#### Work item
Copy out the data below from the line containing "Single continuous line" to the line containing "Kommode Holz Möbel", both lines included, with all images left out.

#### Material supplied
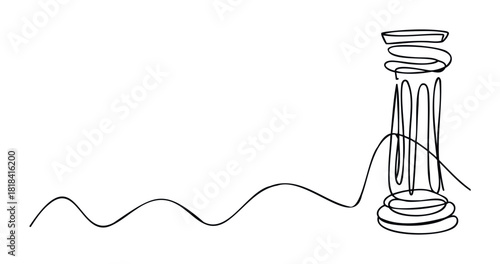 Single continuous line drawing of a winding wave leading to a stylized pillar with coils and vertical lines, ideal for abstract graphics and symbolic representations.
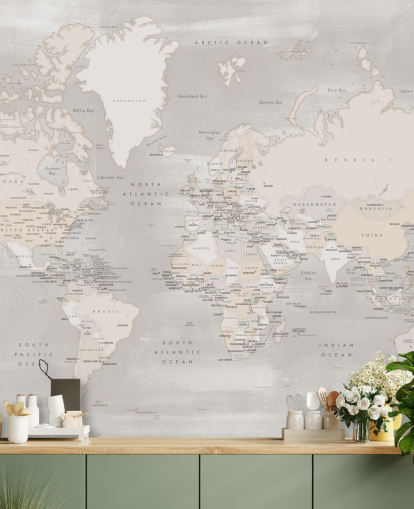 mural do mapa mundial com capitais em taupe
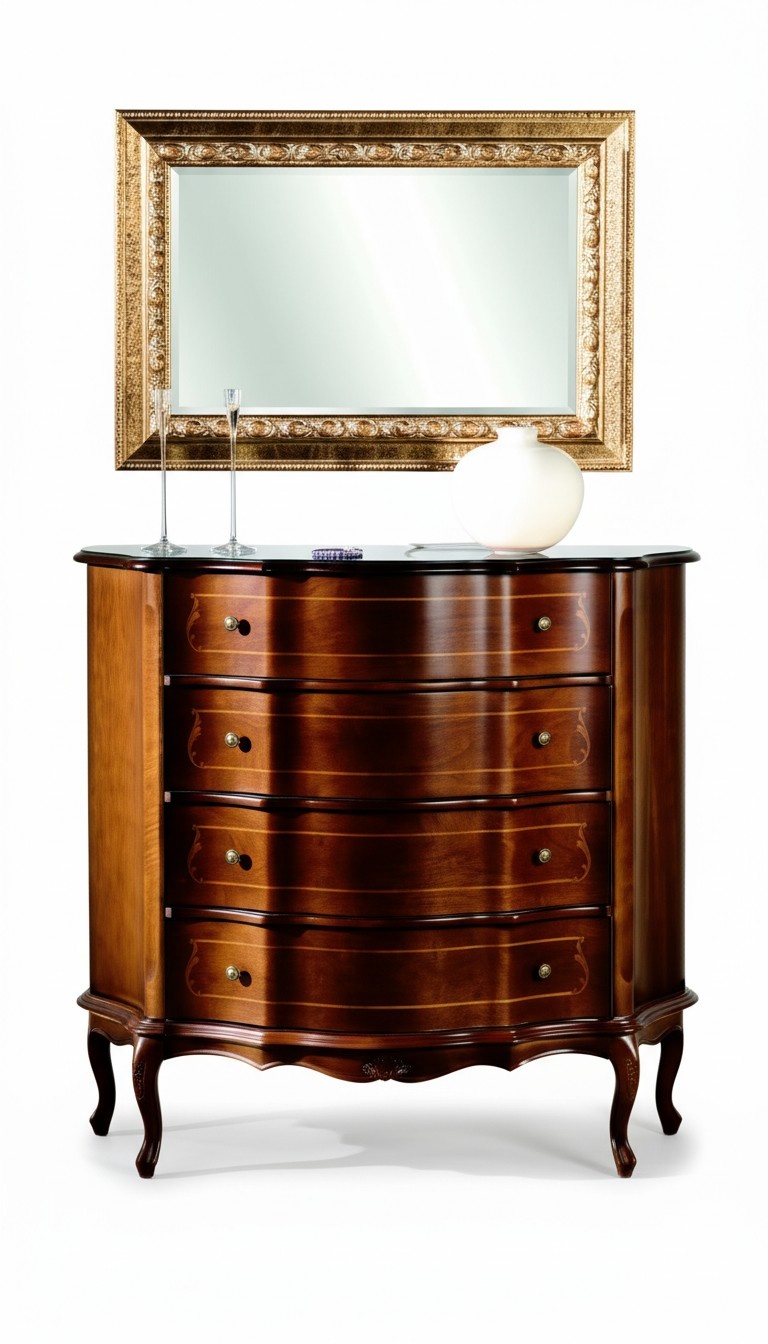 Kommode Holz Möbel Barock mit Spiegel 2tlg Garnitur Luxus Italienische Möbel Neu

--

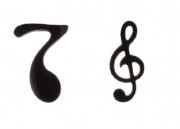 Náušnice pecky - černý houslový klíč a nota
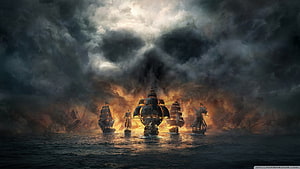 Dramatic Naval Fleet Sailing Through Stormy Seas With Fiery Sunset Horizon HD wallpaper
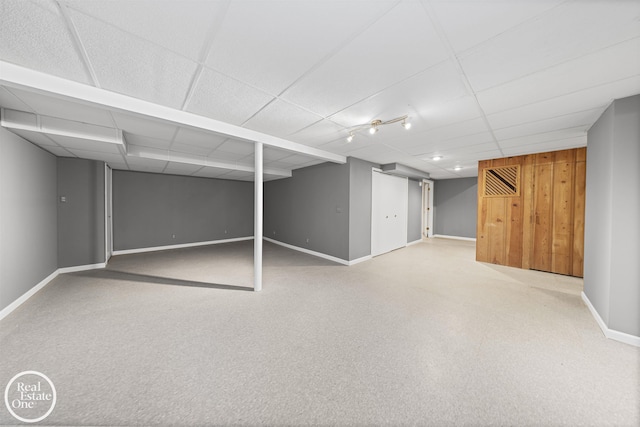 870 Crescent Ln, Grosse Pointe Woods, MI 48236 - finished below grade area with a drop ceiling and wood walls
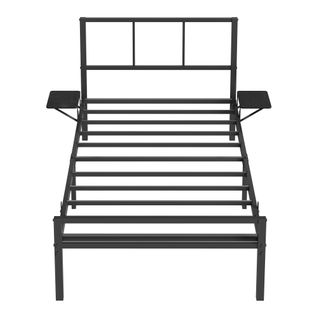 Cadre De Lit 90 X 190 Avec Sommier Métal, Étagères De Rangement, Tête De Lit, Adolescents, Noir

#### Exercise output
 Single continuous line drawing of a winding wave leading to a stylized pillar with coils and vertical lines, ideal for abstract graphics and symbolic representations.
 mural do mapa mundial com capitais em taupe
 Kommode Holz Möbel Barock mit Spiegel 2tlg Garnitur Luxus Italienische Möbel Neu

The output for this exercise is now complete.